IEF, 21.4.2017 – Nach dem Urteil des Bundesverwaltungsgerichts Leipzig Anfang März, das Schwerkranken in „extremen Ausnahmesituationen“ den Anspruch auf Medikamente zur schmerzlosen Selbsttötung bestätigte, sind zwischenzeitlich mehr als 12 Anträge auf ein tödlich wirkendes Betäubungsmittel gestellt worden. Das berichtet zeit online. Obwohl die Urteilsbegründung erst in zwei Monaten vorliegen dürfte, bestätigte das Bundesinstitut für Arzneimittel und Medizinprodukte (BfArM) das Eingehen der Anträge.

Hintergründe zum Urteil

Wie das Institut für Menschliche Antropologie und Bioethik (IMABE) berichtet, wurden mittlerweile weitere tragische Details des urteilsauslösenden Falles bekannt. So soll die querschnittsgelähmte Klägerin Frau K. Mitglied der Sterbehelfer-Organisation Dignitas in der Schweiz geworden sein. Diese soll Frau K. angestiftet haben, einen Musterprozess mit dem Ziel auf Erhalt einer tödlichen Medikamentendosis herbeizuführen. Es soll in diesem Verfahren zu keinem Zeitpunkt um einen ärztlich assistierten Suizid, sondern von Anfang an um einen Suizid mit Unterstützung der umstrittenen Schweizer Organisation gegangen sein, der dann Anfang 2005 in Zürich durchgeführt wurde. Frau K. habe dem Vorschlag, ein Rechtsverfahren einzuleiten, „sofort zugestimmt, obwohl das ihre Leidenszeit um einige Monate verlängerte“, soll Ludwig Minelli, Gründer von Dignitas, bei der Einvernahme angegeben haben.

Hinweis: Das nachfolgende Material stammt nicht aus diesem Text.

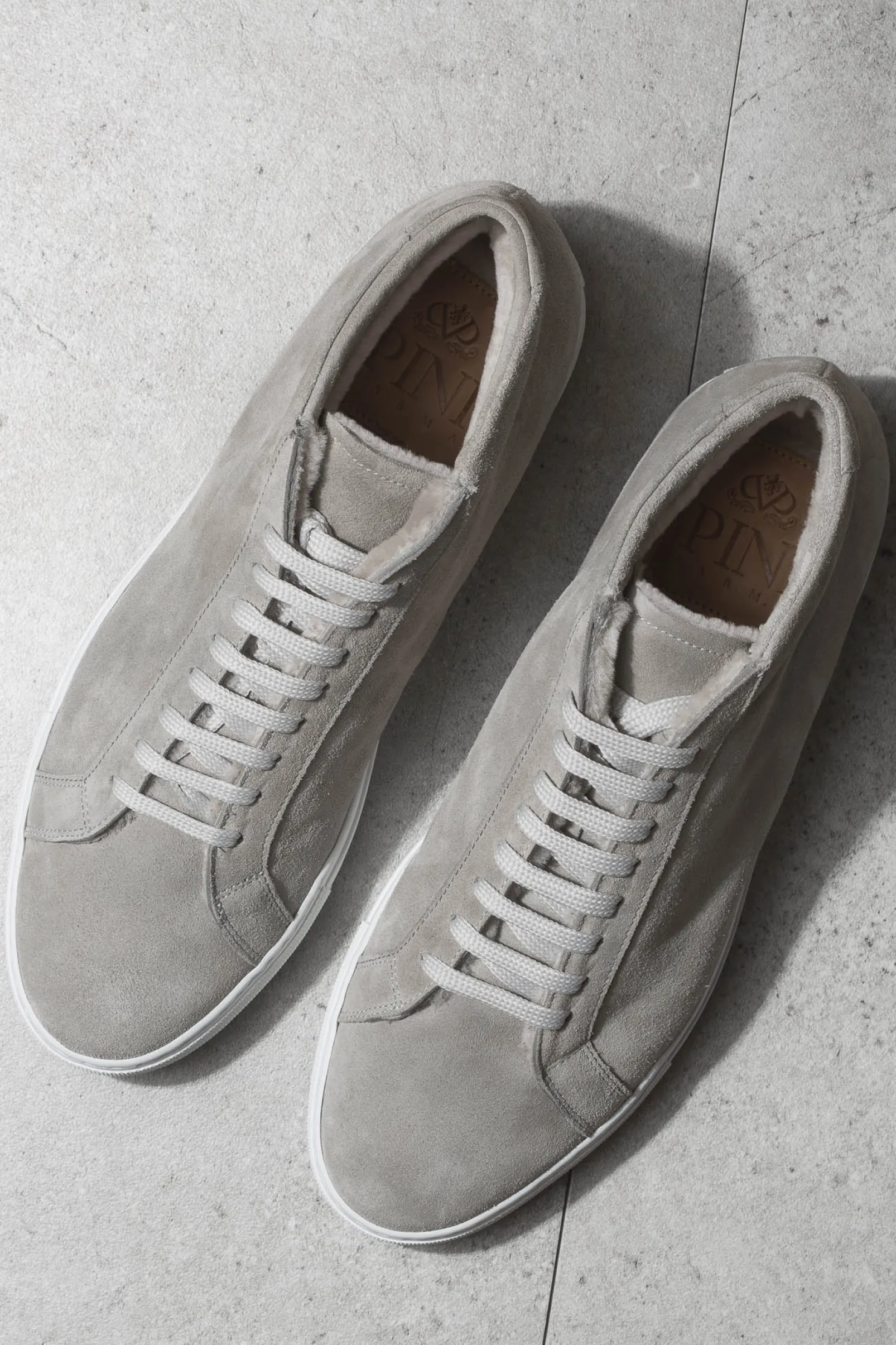 ice_mid_top_sneakers__mad_3.webp Ice Mid Top Sneakers - Made In Italy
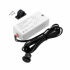 Выключатель инфракрасный на открывание/закрывание фасада, 220V, 250W, AQ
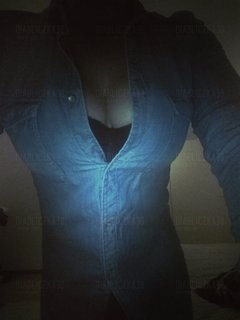 diabliczka30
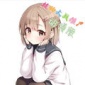ֲսʬϷ-Plants VS ʬTV4.0׿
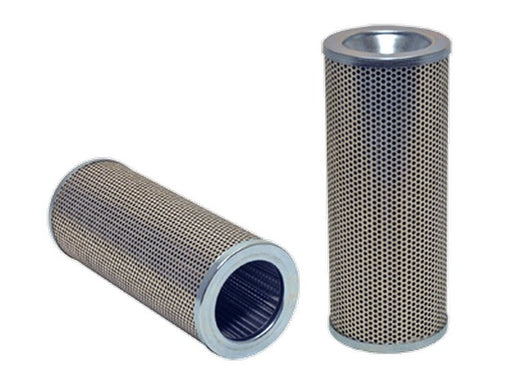 Hydraulic Wix Filters R09D10C
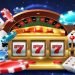 Trải nghiệm nổi bật tại game slot Sunwin giúp hút lượng lớn người chơi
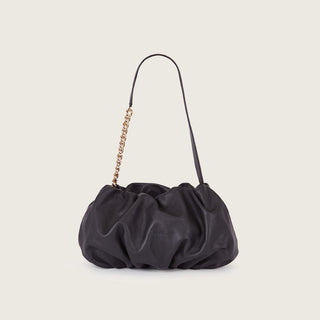 Valentina Rivera Shoulder bag Carmen en Negro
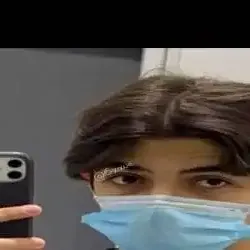 الي بيضيف حياه 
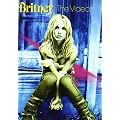 Britney Spears - The Videos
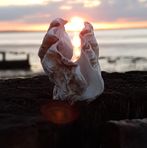 Tarasoneoffs Senft - Facebook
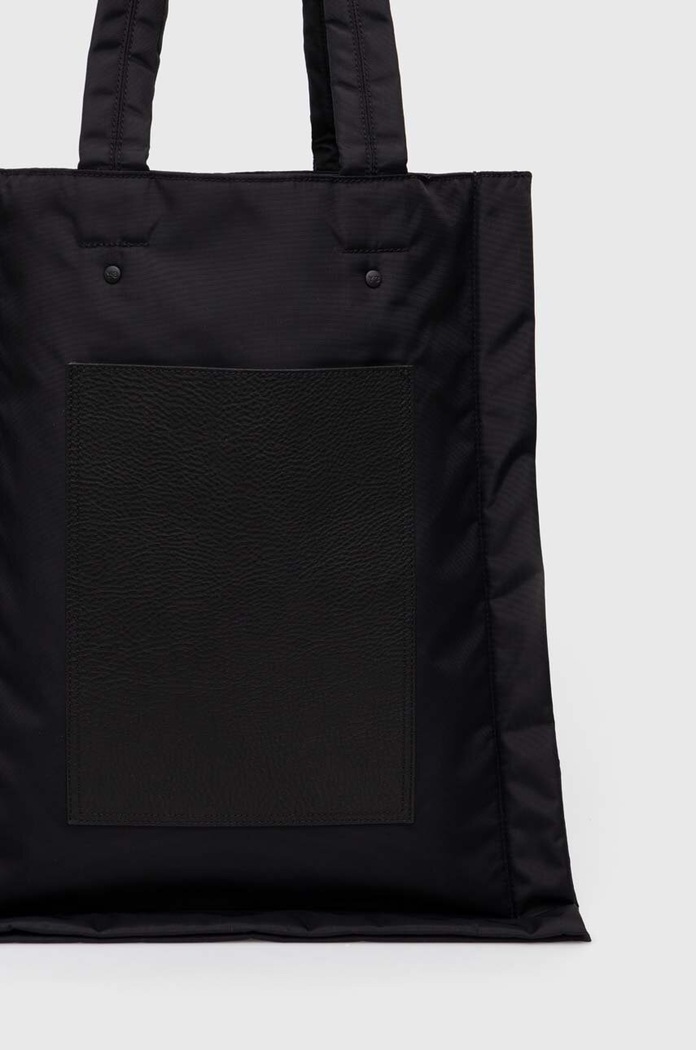 Accessories Y-3 bag Lux Tote IZ2326 black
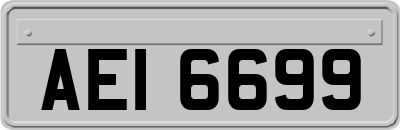 AEI6699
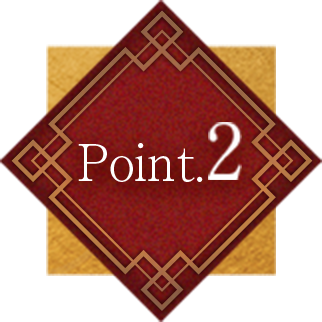 Point.2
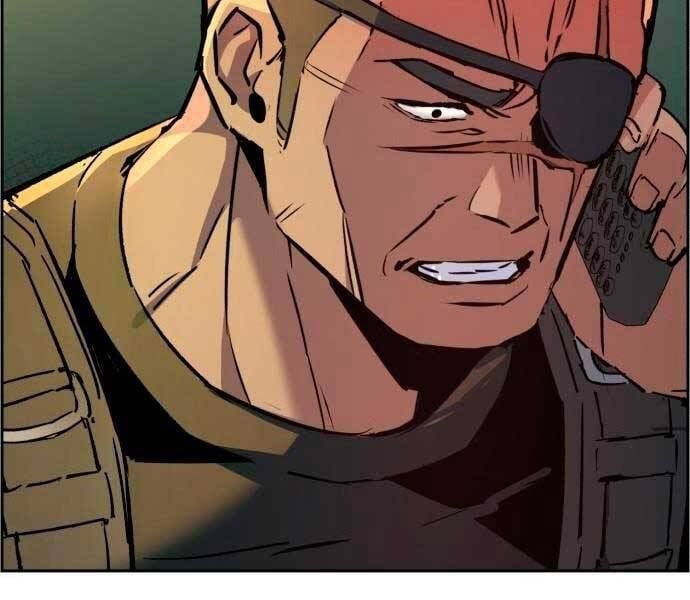 đọc truyện Bạn Học Của Tôi Là Lính Đánh Thuê Chương 96 ảnh 145 tại Thiên Thai Truyện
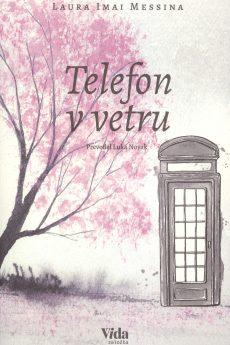 Telefon V Vetru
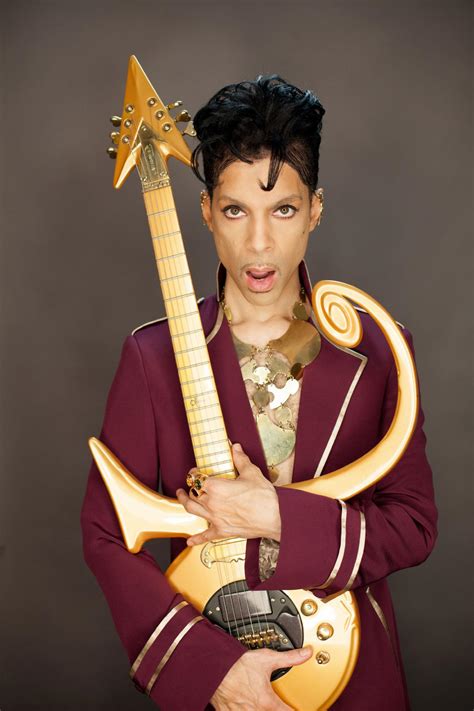 Post Ur Prince Pictures Part 13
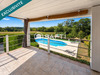 Ma-Cabane - Vente Maison Verac, 125 m²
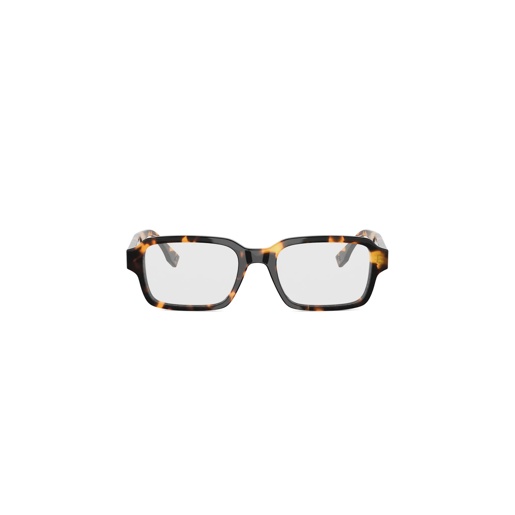 FENDI FE50139I 056 FF Squared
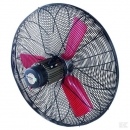1616032050 Mieszacz powietrza Multifan, fi 50 cm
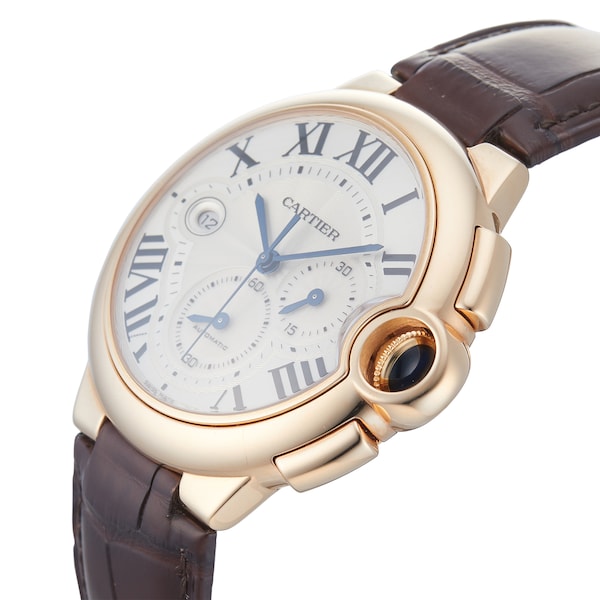 Go to product image 2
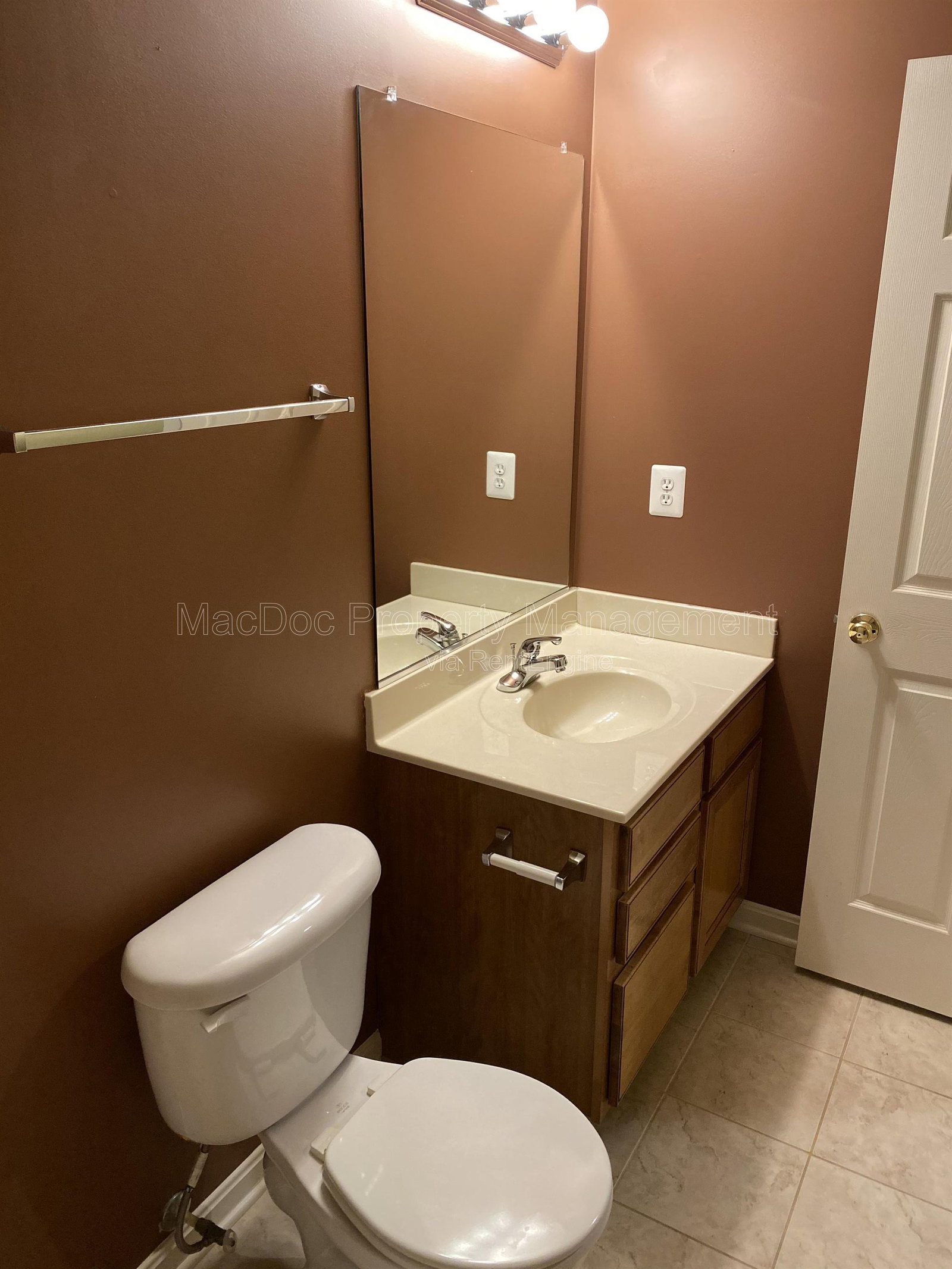 Gallery Image 61
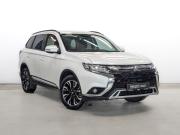 Mitsubishi Outlander III Рестайлинг 3 Москва  - изображение 33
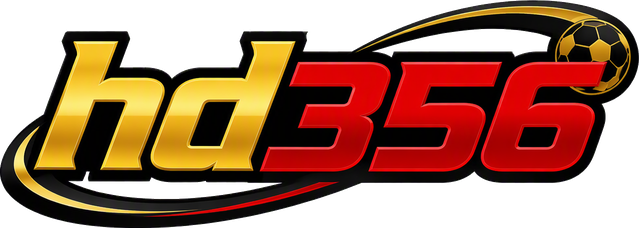 hd356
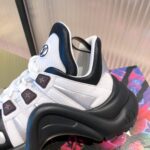 Louis Vuitton Archlight Sneaker - Image 2
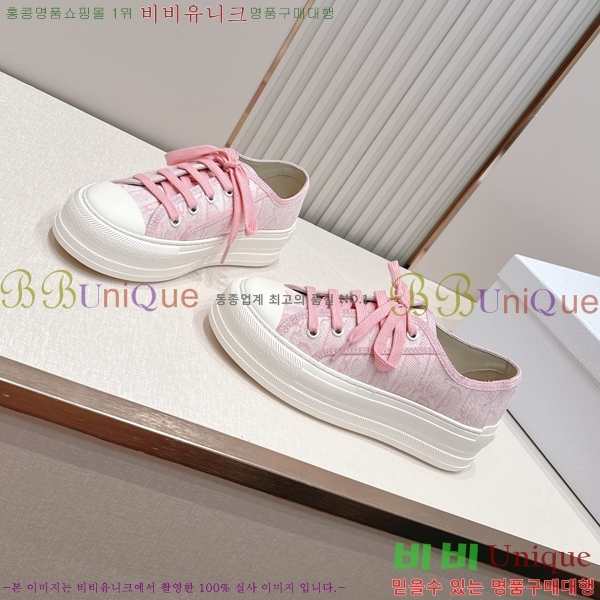 ���� ��� ��ũ�� �÷��� ����Ŀ�� 36D2431921-22 �� 4.5cm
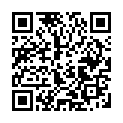 To view this 2014 Jeep Wrangler Sport Channahon IL from Crase Auto Connection, please scan this QR code with your smartphone or tablet to view the mobile version of this page.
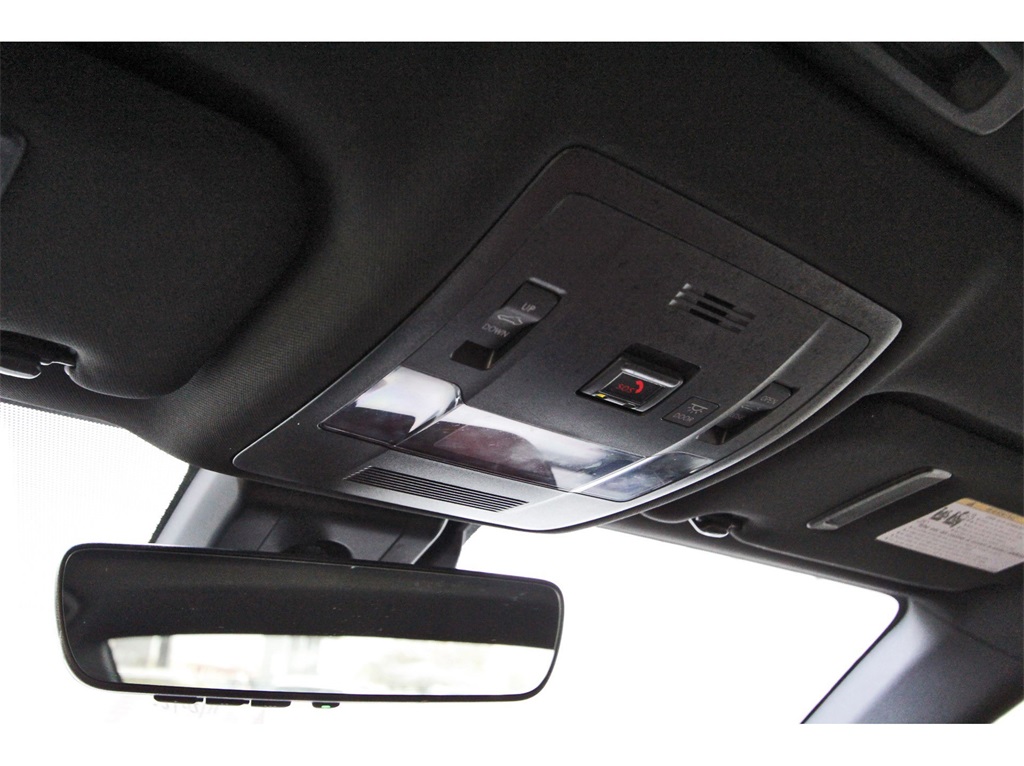 2022 Lexus IS 300 Silver at Westside Lexus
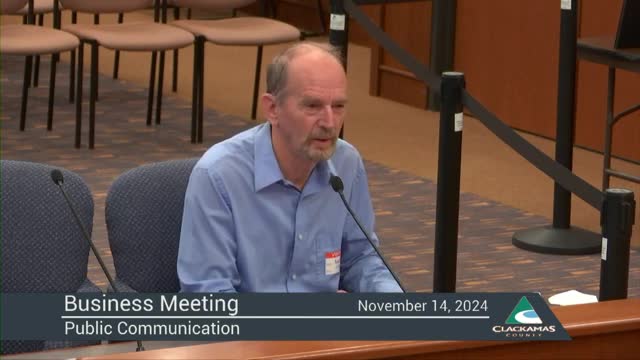 ODOT faces backlash over controversial tolling plans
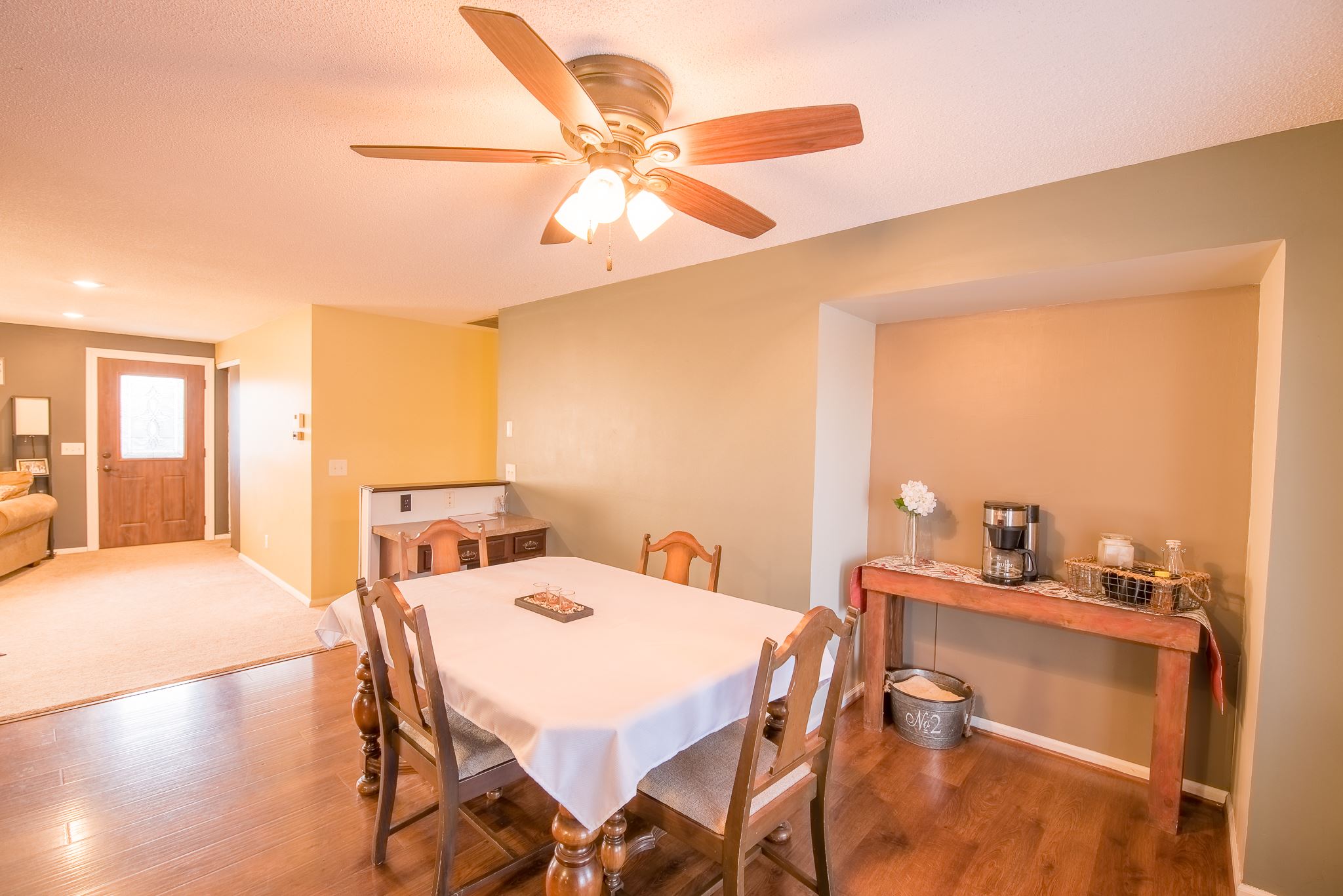 4008 Ryan Road New Haven, IN 46774 - Photo 21 of 36 Gallery Image 21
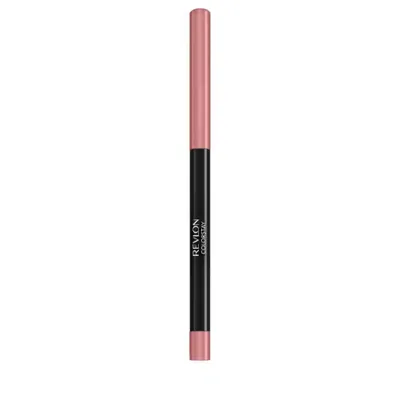 Produktbild von Revlon ColorStay Lipliner, Pink, Blush, 1 Stück(e)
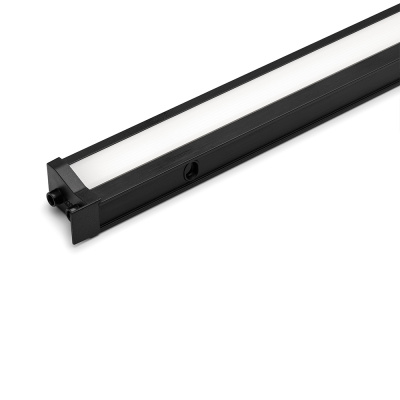 Ladeverlichting Tendy SF UHE IR 24V 2700K - Zwart in de groep Nieuws bij Beslag Online (971540-V)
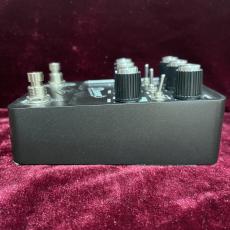 Universal Audio Dream '65_6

In der ausführlichen Behandlungsgeschichte, mit der Frau K.s Ehemann nach ihrem Tod bis zum Europäischen Gerichtshof für Menschenrechte ging, sei weder von einer palliativmedizinischen Beratung noch Versorgung die Rede gewesen.

Anwalt: Krankenkassen sollten aus ökonomischer Sicht zum assistierten Suizid (be)raten

IMABE zitiert den Münchner Anwalt Johannes Fiala, der kürzlich offen dafür eingetreten sei, dass private Krankenversicherer (PKV) „zur Sterbehilfe beraten müssen“. Patienten, die freiwillig auf lebensverlängernde Therapien verzichteten, könnten mit „Leistungen“ belohnt werden – etwa durch geringere Beitragszahlungen. Außerdem sollten die Versicherungsnehmer darauf hingewiesen werden, dass lebensverlängernde Behandlung mit künstlicher Ernährung unter bestimmten Umständen nicht mehr bezahlt würden. Wenn die PKV etwa „jahrelang sterbenskranke Demente künstlich ernährt“, würden sie ungerechtfertigt Geld ausgeben und außerdem „einen Gnadenakt und Akt der Erlösung“ verhindern.  Diese Aussagen, welche die ökonomischen Aspekte des assistierten Suizids herauskehren, bezeichnet IMABE-Direktor Johannes Bonelli als realitätsfern. Demente könnten, wenn sie wirklich „sterbenskrank“ sind auch nicht durch künstliche Ernährung jahrelang am Leben erhalten werden, so der Internist. Studien hätten gezeigt, dass solche Patienten unter künstlicher Ernährung nicht länger leben als ohne. Bonelli betont das Recht chronisch kranker Menschen mit Demenz auf optimale Versorgung und lebenserhaltende Maßnahmen. Für den Mediziner sei es bedenklich, „wenn Juristen Sterbehilfe auf irrige Weise umdefinieren, und aus den bestehenden Gesetzen einen Strick drehen, etwa mit der Aussage, man könne Patienten ins künstliche Koma versetzen (Palliative Sedierung) und dabei gleichzeitig ihre Ernährung untersagen, um so den Tod ‚ganz legal‘ herbeizuführen“.